November 22, 2002
Interview

How to Get Your Company Mentioned in Fast Company Magazine

SUMMARY: 725,000 subscribers get Fast Company Magazine each month. We interviewed Founding Editor Alan Webber to find out how you can stand a better chance of them writing a story about you or your clients.
Alan Webber
Founding Editor
Fast Company
77 North Washington Street
Boston, MA 02114-1927
phone: 617-973-0300
fax: 617-973-0373
awebber@fastcompany.com
http://www.fastcompany.com

-> Circulation:

725,000 paid magazine subscribers (demographic) highly educated, high-income, median age of 44. 67% men, 93% in professional managerial positions.

"There’s an interesting split between high level executives in large corporations and self-employed free agents, small business owners, and entrepreneurs."

-> Webber’s background:

Webber earned his BA in English from Amherst College but his journalism training comes from running his college, high school, and Sunday School newspapers before going on to work at 'Willamette Week,' an alternative news weekly in Oregon.

In Oregon Webber also worked for the Mayor of Portland, Oregon, who later became the Secretary of Transportation in the Carter administration.
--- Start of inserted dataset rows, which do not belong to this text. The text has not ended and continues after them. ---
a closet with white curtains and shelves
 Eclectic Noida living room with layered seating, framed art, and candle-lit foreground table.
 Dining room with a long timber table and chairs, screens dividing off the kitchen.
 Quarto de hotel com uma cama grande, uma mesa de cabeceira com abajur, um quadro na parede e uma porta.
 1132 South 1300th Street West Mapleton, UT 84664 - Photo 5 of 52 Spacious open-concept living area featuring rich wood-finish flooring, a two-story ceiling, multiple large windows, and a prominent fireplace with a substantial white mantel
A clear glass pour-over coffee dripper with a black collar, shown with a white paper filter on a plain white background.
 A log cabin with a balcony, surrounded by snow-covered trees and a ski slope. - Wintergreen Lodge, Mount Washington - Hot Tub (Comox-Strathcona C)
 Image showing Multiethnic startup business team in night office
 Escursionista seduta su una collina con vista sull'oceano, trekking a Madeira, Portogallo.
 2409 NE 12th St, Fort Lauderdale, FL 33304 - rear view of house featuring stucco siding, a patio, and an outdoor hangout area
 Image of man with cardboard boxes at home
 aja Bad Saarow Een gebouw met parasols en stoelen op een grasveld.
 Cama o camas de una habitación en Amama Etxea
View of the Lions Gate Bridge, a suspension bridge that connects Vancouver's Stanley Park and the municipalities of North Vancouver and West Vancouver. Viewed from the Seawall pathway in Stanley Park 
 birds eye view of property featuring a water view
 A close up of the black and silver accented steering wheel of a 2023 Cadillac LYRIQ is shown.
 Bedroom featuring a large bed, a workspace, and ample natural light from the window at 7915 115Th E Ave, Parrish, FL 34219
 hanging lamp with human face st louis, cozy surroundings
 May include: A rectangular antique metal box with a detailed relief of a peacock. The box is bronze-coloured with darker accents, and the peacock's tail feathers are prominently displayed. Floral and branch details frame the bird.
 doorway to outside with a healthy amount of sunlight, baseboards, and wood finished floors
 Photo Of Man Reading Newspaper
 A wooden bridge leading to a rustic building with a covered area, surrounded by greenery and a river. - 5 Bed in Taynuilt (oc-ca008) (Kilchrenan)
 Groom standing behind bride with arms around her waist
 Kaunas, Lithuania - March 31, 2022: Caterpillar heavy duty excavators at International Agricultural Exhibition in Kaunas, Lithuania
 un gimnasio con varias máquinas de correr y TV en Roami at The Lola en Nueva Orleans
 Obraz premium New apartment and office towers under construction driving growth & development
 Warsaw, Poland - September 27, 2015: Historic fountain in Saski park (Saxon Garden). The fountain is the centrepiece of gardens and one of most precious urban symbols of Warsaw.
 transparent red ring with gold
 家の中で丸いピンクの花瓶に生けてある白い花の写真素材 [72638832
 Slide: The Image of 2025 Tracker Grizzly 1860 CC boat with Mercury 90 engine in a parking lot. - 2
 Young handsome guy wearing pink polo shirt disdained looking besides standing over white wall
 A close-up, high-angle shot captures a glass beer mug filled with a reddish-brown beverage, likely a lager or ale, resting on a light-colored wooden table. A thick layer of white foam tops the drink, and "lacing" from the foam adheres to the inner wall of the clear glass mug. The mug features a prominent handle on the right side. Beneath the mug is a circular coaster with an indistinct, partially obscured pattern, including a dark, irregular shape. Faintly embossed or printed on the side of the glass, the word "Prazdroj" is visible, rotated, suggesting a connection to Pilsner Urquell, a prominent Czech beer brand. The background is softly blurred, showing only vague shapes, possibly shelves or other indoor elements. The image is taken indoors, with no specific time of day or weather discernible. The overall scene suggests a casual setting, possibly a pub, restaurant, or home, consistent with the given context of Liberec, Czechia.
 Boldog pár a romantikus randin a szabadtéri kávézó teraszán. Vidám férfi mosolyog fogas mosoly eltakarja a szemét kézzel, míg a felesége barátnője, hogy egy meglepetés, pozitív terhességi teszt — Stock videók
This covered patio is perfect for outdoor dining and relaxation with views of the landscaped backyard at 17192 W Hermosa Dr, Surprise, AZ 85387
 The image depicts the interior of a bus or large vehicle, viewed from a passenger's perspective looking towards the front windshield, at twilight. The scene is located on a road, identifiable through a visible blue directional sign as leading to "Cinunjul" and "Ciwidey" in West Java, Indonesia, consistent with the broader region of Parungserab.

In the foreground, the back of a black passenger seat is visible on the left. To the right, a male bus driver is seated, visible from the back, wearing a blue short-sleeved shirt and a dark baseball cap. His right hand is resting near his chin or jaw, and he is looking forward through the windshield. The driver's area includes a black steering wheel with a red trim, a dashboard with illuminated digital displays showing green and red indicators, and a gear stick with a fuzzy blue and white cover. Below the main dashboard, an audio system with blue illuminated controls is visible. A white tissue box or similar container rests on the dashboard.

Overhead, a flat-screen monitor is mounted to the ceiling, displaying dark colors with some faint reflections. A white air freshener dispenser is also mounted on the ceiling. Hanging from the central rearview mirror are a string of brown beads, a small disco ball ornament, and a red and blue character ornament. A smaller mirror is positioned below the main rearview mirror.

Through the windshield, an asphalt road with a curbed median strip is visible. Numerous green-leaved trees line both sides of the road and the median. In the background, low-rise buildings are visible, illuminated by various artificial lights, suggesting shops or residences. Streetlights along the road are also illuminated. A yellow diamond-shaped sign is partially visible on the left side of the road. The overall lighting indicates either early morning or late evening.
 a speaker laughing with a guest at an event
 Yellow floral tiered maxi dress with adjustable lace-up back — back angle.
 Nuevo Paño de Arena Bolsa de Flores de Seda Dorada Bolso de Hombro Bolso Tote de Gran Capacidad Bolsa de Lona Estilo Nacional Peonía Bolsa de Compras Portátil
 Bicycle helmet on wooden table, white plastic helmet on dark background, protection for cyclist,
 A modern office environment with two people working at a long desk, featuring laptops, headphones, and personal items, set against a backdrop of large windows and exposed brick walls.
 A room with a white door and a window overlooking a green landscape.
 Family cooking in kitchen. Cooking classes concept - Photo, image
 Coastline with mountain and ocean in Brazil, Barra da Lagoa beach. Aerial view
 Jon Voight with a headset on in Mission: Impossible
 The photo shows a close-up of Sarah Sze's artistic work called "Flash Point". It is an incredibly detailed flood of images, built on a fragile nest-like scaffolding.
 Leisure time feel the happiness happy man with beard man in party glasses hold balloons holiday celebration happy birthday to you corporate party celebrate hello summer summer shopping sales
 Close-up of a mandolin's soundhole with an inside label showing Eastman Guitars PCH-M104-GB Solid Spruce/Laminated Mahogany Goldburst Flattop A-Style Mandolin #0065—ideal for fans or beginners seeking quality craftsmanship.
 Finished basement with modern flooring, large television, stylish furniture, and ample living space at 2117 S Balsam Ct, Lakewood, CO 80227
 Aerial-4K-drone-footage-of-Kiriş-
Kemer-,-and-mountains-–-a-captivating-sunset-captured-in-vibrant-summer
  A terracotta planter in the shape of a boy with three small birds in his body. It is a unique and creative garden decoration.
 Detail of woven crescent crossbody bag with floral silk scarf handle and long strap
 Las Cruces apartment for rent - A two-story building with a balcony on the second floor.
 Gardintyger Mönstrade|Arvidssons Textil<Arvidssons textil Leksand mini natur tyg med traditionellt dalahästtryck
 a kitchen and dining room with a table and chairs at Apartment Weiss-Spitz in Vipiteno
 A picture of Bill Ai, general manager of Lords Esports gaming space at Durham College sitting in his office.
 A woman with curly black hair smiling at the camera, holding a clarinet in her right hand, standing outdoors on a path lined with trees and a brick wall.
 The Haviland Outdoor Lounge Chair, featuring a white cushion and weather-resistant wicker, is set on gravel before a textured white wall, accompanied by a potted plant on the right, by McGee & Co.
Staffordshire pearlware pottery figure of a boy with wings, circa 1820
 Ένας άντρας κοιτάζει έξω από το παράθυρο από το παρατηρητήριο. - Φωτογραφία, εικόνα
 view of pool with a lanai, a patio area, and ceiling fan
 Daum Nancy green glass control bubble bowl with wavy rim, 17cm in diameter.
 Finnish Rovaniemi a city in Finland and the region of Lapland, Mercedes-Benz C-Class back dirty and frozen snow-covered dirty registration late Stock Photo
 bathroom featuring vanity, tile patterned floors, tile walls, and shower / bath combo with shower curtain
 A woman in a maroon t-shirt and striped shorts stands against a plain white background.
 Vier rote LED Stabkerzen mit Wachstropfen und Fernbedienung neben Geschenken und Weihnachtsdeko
That was when Webber moved to the Harvard Business Review where he wrote a book on the auto industry called, 'Changing Alliances.'

Webber was the Review’s Managing Editor when Bill Taylor arrived fresh from his position as Editor of the Sloan Management Review. "Things got interesting when we met," says Webber.

In 1993, Webber and Taylor wrote a business plan for a new kind of business magazine. "At that time, most of the traditional business magazines (Fortune, Forbes, and Business Week) weren’t focusing on change but were locked in the world of big industrial America circa 1950," Webber says.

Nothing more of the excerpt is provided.